Cabal: "You're not by any chance thinking of the Chief?
Where is he to-night?"
Roxana: "Drinking and boasting. And after that, he hopes
to betray me without my finding out. Vain hopes, I'm afraid. We needn't think
about him. If I said I still love him, it is as one loves a dirty troublesome
child. I love him and he doesn't matter. What I am thinking about is
you. And this new world Of yours - oh, it's your world - that
I can feel advancing on us."
Pause.
Cabal: "Well?"
Roxana: "Have men of your sort no use for women?"
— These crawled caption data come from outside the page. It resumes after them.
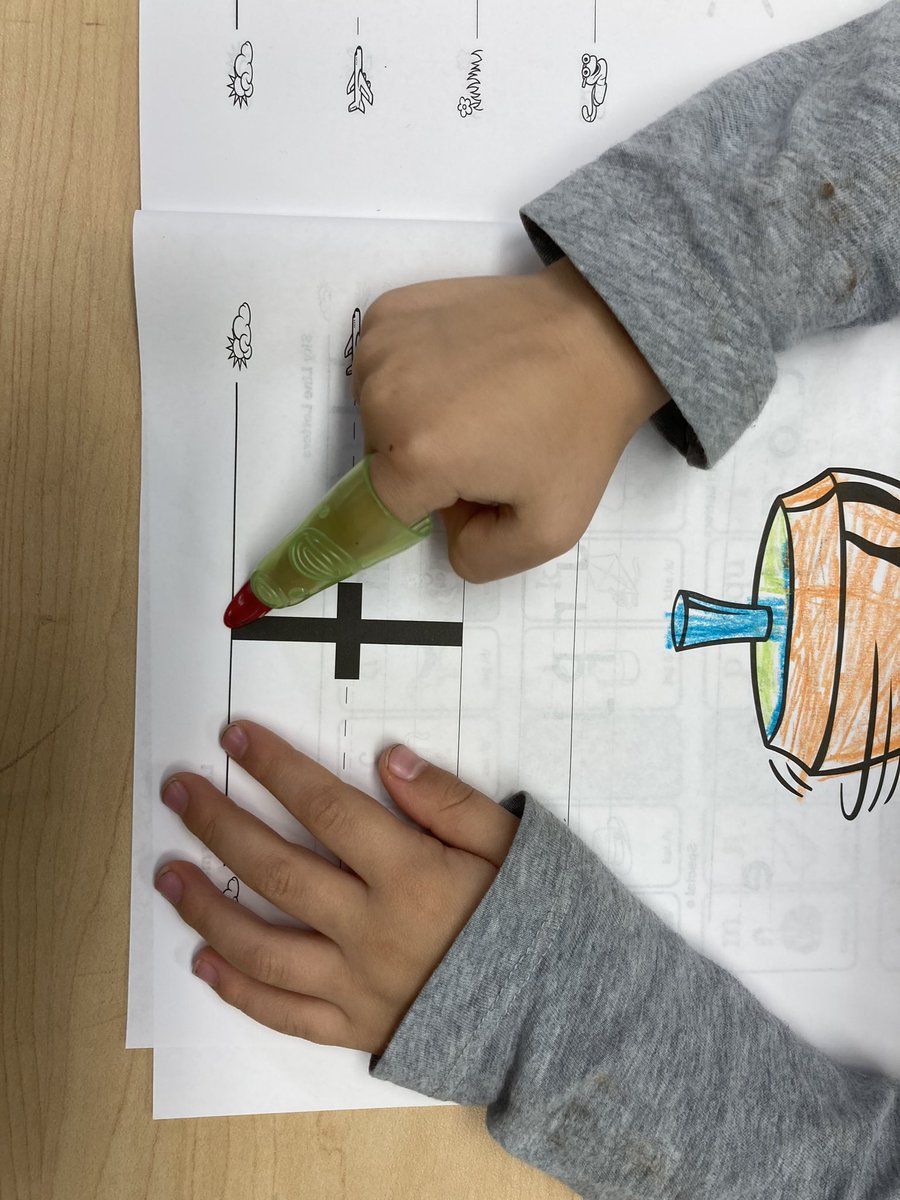 This K student came dressed perfectly for our first day of practicing letter formation with witch fingers. 🧙‍♀️🧙Tis the season! 👻🎃#LongfellowBears #D97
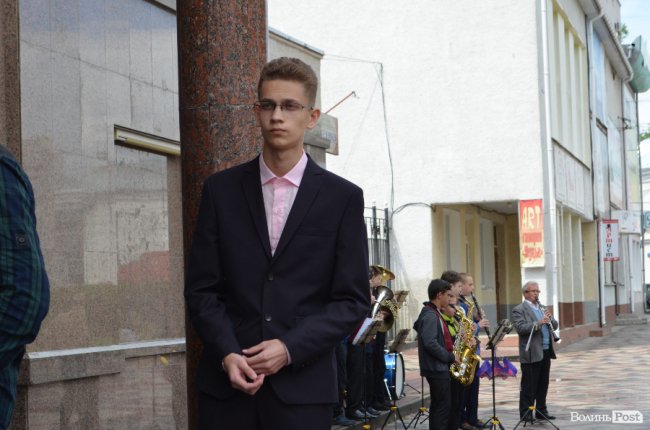 Кеди і стильні метелики: що одягнули луцькі випускники. ФОТО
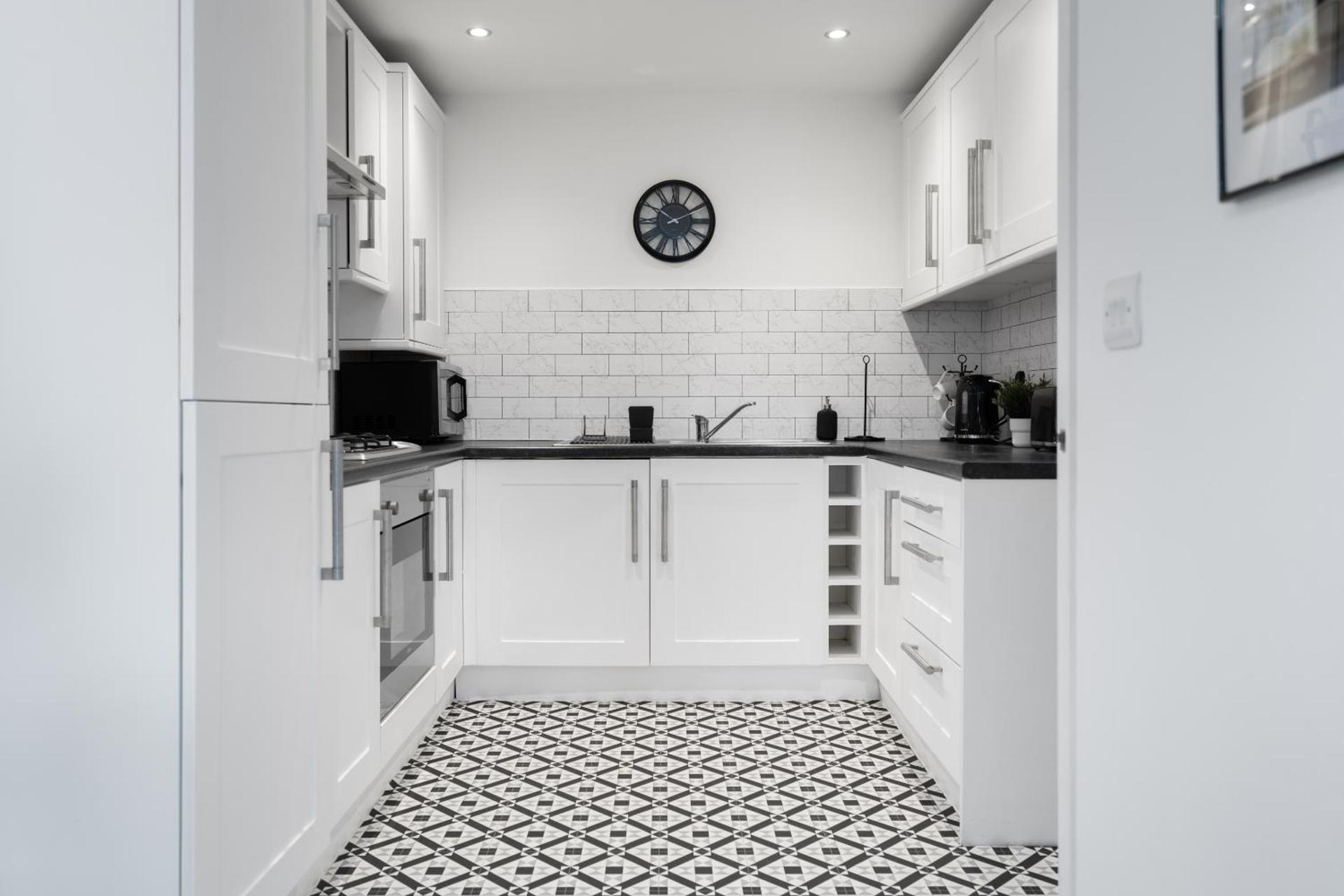 Kitchen or kitchenette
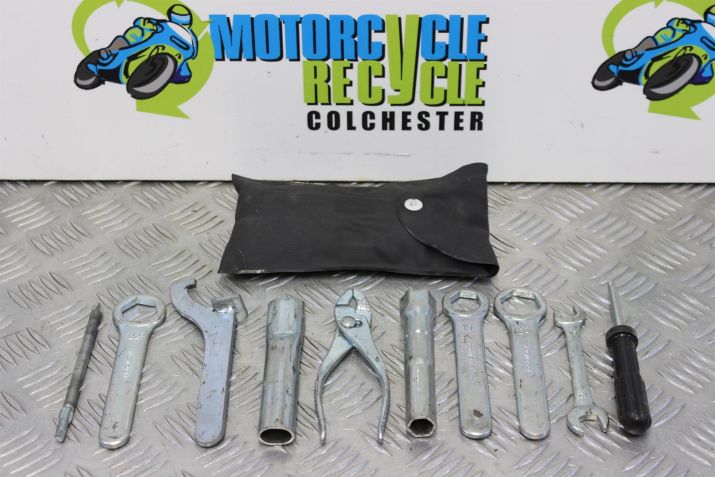 Suzuki GSF 1200 Bandit Tool Kit with Bag 1997 to 2000 Mk1 GSF1200 B058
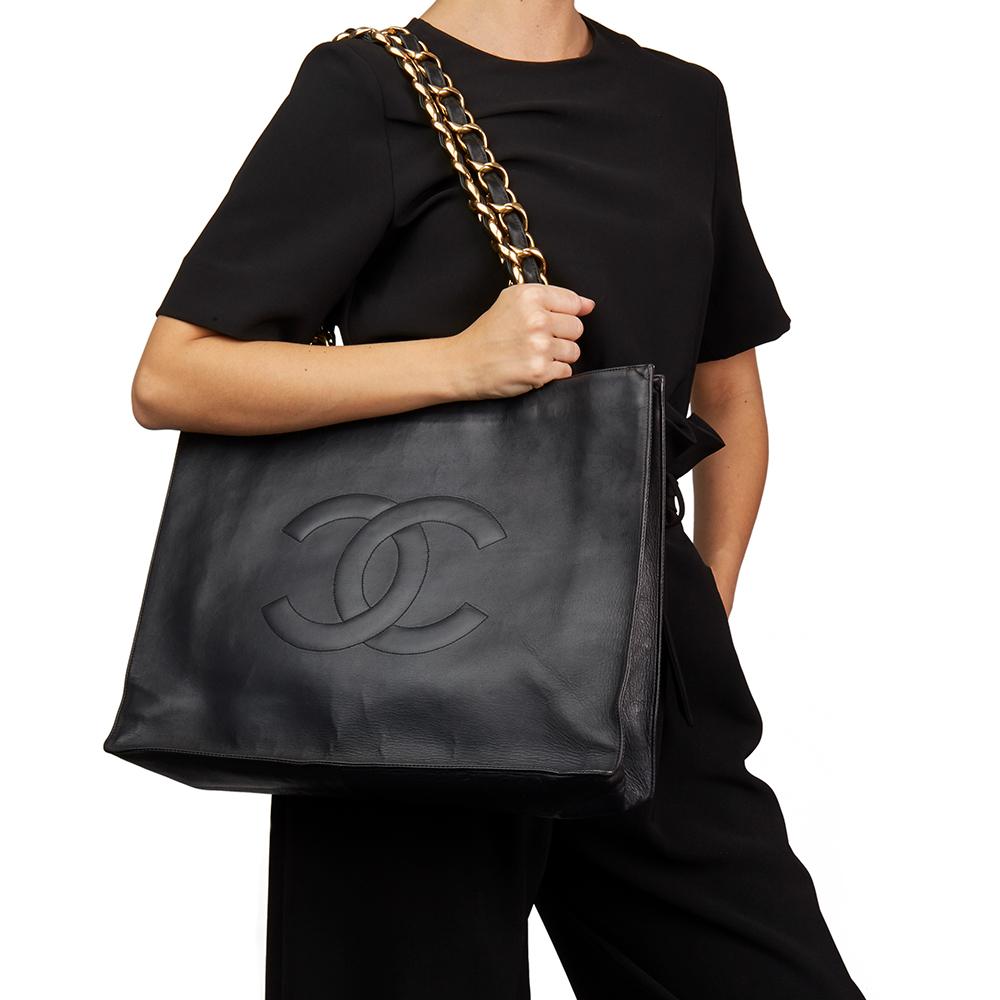 CHANEL
Black Lambskin Vintage Jumbo XL Timeless Shopping Tote

Xupes Reference: HB2090
Serial Number: 3379562
Age (Circa): 1994
Authenticity Details: Serial Sticker (Made in France)
Gender: Ladies
Type: Shoulder, Tote, Shopper

Colour:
Cabal: "Madam, I'm a widower and a grandfather. I see
these things with a philosophical detachment. And I don't quite know what
you mean by use."
Roxana: "A man is a man till he's dead. Don't you still
want the help of a woman? Have you no use for that closeness of devotion
you can never get from any man? Don't you see I have been working for you
already? See what I have done for you! I have saved Harding from ill-treatment.
I got you half released so as to work with Gordon. I may be able at last
to release you altogether. Why do you despise me?"
Cabal: "I don't despise you in the least. I think you
are the most civilised being I have met yet in Everytown."
Roxana: "More than your friends?"
Cabal: "Oh, much more."
Roxana is pleased. She presses on to her next step. "Why
don't you confide in me? There's Gordon, there's his wife Mary and her father
Harding, and you are all - together, in some way. Something carries
you all along. Do you think I don't know you are planning things and doing
things? Why cannot I help you? I know this place,
these people. I am a sort of queen here. Am I nothing at all to you?"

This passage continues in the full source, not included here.